> Working data:

-----

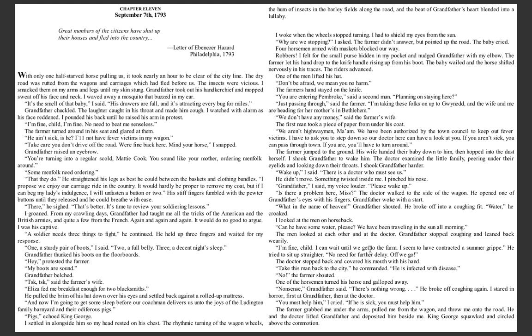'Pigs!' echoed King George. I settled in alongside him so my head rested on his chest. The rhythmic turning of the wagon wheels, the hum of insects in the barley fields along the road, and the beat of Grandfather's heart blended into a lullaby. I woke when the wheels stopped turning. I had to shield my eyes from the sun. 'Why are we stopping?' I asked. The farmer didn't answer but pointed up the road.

-----

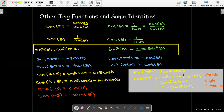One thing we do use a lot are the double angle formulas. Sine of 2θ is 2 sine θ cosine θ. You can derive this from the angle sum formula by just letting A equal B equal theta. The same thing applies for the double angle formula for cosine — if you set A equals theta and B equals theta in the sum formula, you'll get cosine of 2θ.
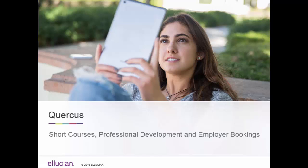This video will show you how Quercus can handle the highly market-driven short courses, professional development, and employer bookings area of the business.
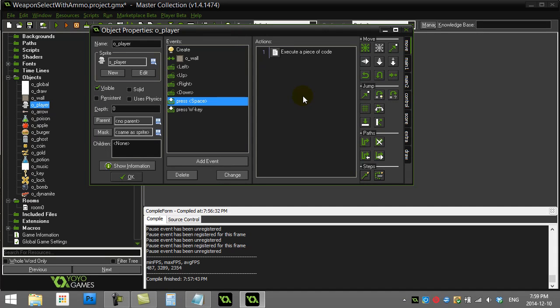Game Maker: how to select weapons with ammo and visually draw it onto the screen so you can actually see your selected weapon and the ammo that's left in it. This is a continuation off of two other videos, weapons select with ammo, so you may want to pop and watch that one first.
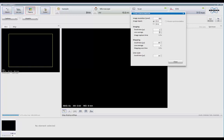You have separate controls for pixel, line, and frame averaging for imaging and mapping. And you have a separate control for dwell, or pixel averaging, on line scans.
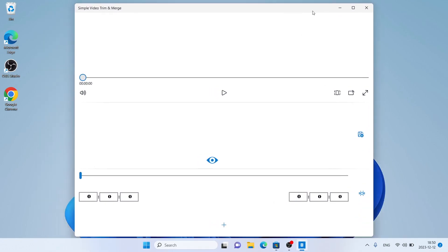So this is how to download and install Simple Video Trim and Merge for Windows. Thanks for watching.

-----

> Task to complete:
Please transcribe exactly the part of the records that opens with the line containing "You have separate" and closes with the line containing "So this is how", both ends included, and leave out the pictures.

> Solution to this problem:
You have separate controls for pixel, line, and frame averaging for imaging and mapping. And you have a separate control for dwell, or pixel averaging, on line scans.
So this is how to download and install Simple Video Trim and Merge for Windows. Thanks for watching.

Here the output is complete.